The rituals around scent in Cleopatra’s bedroom make her feel impressive. Boatliving isn’t the most appealing idea, yet the mention of cedarwood implies her snugly tucked inside, safe from the sometimes reckless elements. When I consider bed canopies, I often recall the heavy scent of OFF! on the skin, another measure against mosquitoes as I rolled helplessly sticky in summer heat. Yet she doesn’t appear overpowered by her own sweat or smells. The diffusion of the “nets sagging with rosehips and crocus” above her bed feels lovely: its ability to impact without actually touching is a godsend. The sails similarly communicate across air by wafting perfume towards the nose instead of sticking. Even when she’s dipped her extremities in warm liquid scent (almond oil, cinnamon, henna), the space remains cool enough that she’s not suffocated by her own luxury.
Similarly, the speaker’s former lover indulges in scent; they even buy a small vial of their parfume where a drop is so intensely concentrated that it stays intact all day. This old lover wanted to retain, wanted their skin to steep in remembrance. When the speaker references Napoleon possessing a crushed powder of violets around his neck at all times, a recollection of his wife’s essence plucked from her grave, it appears that even the greatest of us can be entranced and brought to heel by smell. Yet violets will never bloom in a locket as they did on Josephine’s skin. The parfume in/on the lover’s hand will never match the speaker’s. There’s grief to wanting a scent: you know it’s so bodily-tied that it can never fully replicate. At best, you’re linked to glass, plastic, or whatever can hold it for months at a time, instead of the fleeting tie you experienced with them.

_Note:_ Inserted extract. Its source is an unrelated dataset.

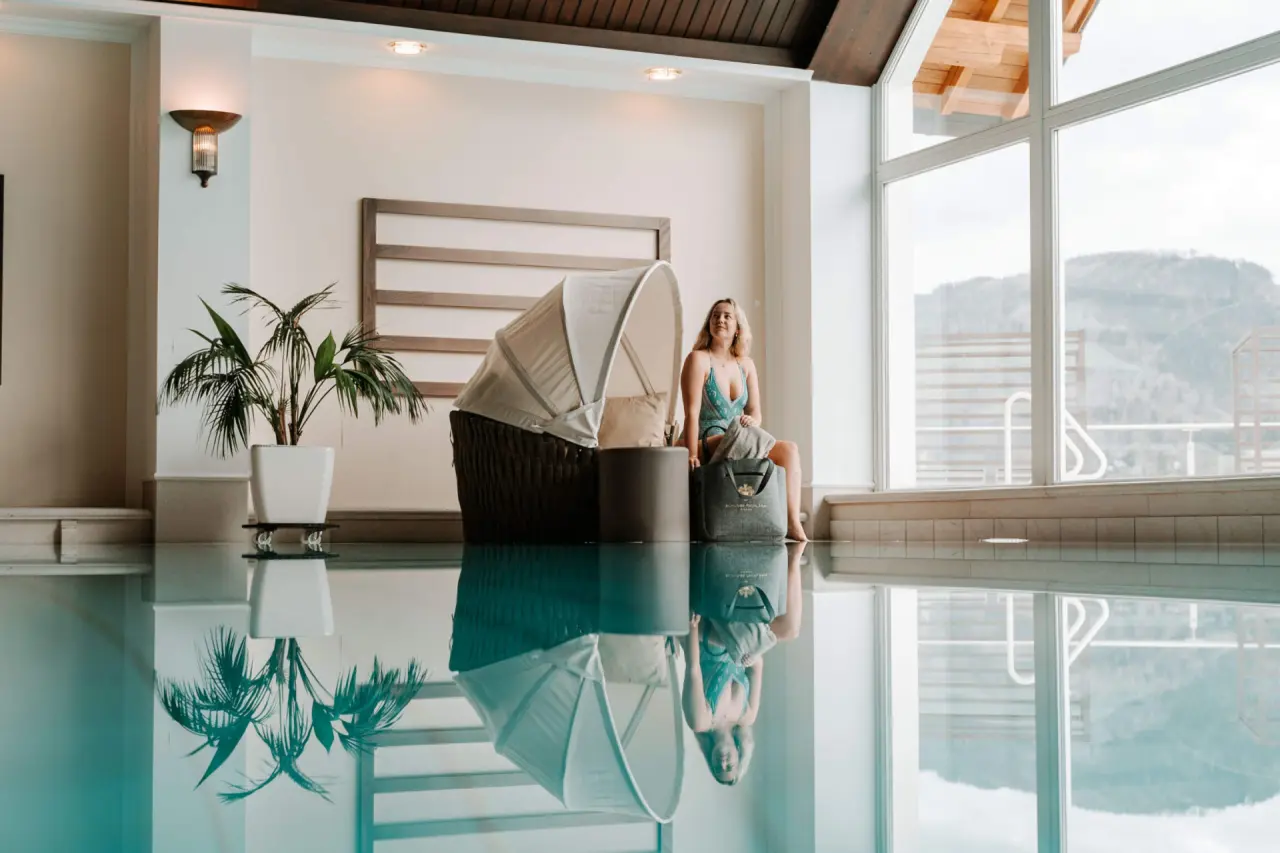 IMLAUER Hotel Schloss Pichlarn in Aigen im Ennstal – Entspannender Innenpool mit Bergblick | Wellnesshotel Steiermark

The turn of the poem—the new boy kissing away the scent the former lover handpicked—feels so fresh because even though the lover doesn’t lure by scent, they still make an impact. Though the perfume is so informed by the speaker’s own body, the connection is brought forth by the you. Imagine having to cut yourself off from yourself. The relief in the new boy stealing this piece of them, which is really an extension of the lover, comes through so strongly: “your mark on me washed / away with each kiss, the last one so cold, so filled with mist / and tiny daggers, I already smelled blood on my hands.” Scent is a web that’s always ensnaring, always adding a new story to its tightly coiled thread. How can you not get tied up?